Может даже показаться, что я пихнул тебя в самое грязное дело. (И это будет недалеко от истины.) Но делать нечего. Самая простая работа — с механизмами, но учить тебя слишком долго, к тому же это дело опасное даже для знающего человека. А кроме того, у нас времени в обрез…
(А может, потому что я знал, как тяжело будет ставить дроссельную заслонку новичку, мне и не удавалось говорить с ним нормально. Честно говоря, я сердился на себя за то, что поручаю ему такое дело. Со мной такое бывает…)
— Но уж тут ты точно станешь мужчиной. (Не знаю. Сначала я как-то успокоился на его счет, а потом снова начал дергаться, как накануне с Вив, когда объяснял ей нашу сделку с «Ваконда Пасифик». У меня это происходит со всеми, кроме Джо Бена, нам с ним вообще нет нужды разговаривать…)
— Если тебе удастся продержаться пару первых дней, считай, ты победил; если нет — ну что ж, на нет и суда нет. Куча черномазых не может заниматься этим делом, и ничего.
(Мне всегда тяжело разговаривать с людьми, если надо держать себя в руках. Ну, скажем, с Вив я каждый раз начинаю, прямо как Чарльз Бойер или еще кто-нибудь такой, а заканчиваю в духе старика, когда он объясняет шерифу Лейтону, как в этой стране нужно обращаться с красной заразой и управляться с коммуняками! А уж, можете мне поверить, свирепее этого я не слышал ничего. Когда старина Генри обрушивается на красных, страшнее этого ничего не придумаешь…)
— Единственное, о чем я тебя прошу, — не халтурь.

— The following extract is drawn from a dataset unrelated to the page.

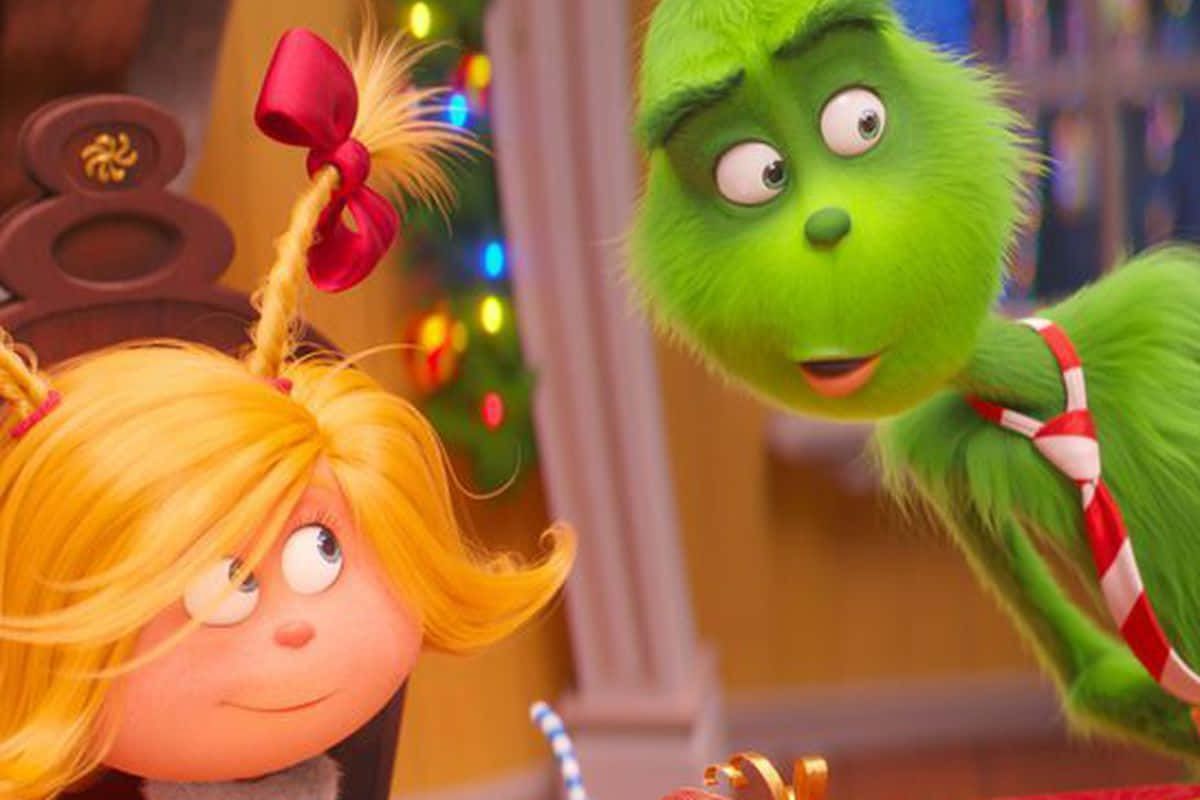 1200x800 Download The Grinch And The Girl Are Sitting At A Table Wallpaper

(Потому что Генри был глубоко убежден, что хуже красных только евреи, а хуже евреев могут быть только высокопоставленные черномазые, но хуже их всех, вместе взятых, были проклятые южные фанатики, о которых он регулярно читал. «Вместо того чтобы подкармливать их нашими северными налогами, отравить бы их всех там…»)
— Значит, берешь вот этот конец троса и тянешь его сюда. Сейчас я тебе покажу. Давай отвали. Нагнись и следи за тем, что я делаю…

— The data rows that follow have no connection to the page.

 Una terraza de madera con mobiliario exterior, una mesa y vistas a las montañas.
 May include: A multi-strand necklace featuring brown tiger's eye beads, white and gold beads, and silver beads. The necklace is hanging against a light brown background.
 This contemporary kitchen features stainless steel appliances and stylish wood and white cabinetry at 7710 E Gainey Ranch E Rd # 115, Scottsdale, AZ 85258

(Что касается меня, я не спорил со стариком, во-первых, потому, что я не видел никаких красных в Америке, потом, меня совершенно не волновали черные, а что касается фанатиков — я тоже плохо себе это представлял… зато Вив здорово с ним сцепилась на тему всяких там расовых дискриминаций. Помню… постой, дай-ка вспомню, чем все это кончилось…)
— О'кей, теперь смотри.Ли стоит, засунув руки в карманы, Хэнк объясняет не спеша и терпеливо, показывая своим видом, что дважды он повторять не будет, поэтому лучше усвоить сразу. Он показывает, как надеть петлю на поваленное и окоренное дерево, как зацепить ее за трос, натянутый от ворота до перекладины, закрепленной на макушке дерева. «Врубаешься?» Я киваю, и Хэнк продолжает объяснять мне мои обязанности на день. «О'кей».Хэнк дергает трос, проверяя его прочность, и ведет Ли вверх по склону к высокому пню, от которого к пыхтящей и лязгающей в семидесяти пяти ярдах лебедке серебристой змейкой сбегает более тонкий трос. «Дернешь один раз — значит „тащи“».Он дергает тросик. Резкий писк свистка на лебедке приводит в движение крохотную фигурку Джо Бена. Трос натягивается как струна. Лебедка начинает дрожать от напряжения; разъяренный рев; и бревно, подпрыгивая, начинает двигаться вверх по склону к складу. Когда оно достигает вершины, Джо Бен соскакивает на землю и, перевалившись через гору бревен, отцепляет дроссель. Один из ребят Орланда со скрипом разворачивает стрелу подъемника, похожую на скелет какой-то доисторической рептилии; Джо Бен устанавливает разинутую пасть ковша по бокам бревна, отбегает в сторону и делает отмашку. И снова огромное бревно подпрыгивает и взмывает в воздух, а Джо Бен уже во всю прыть возвращается к своей лебедке. «Джо Бену несладко приходится. Но ничего не поделаешь».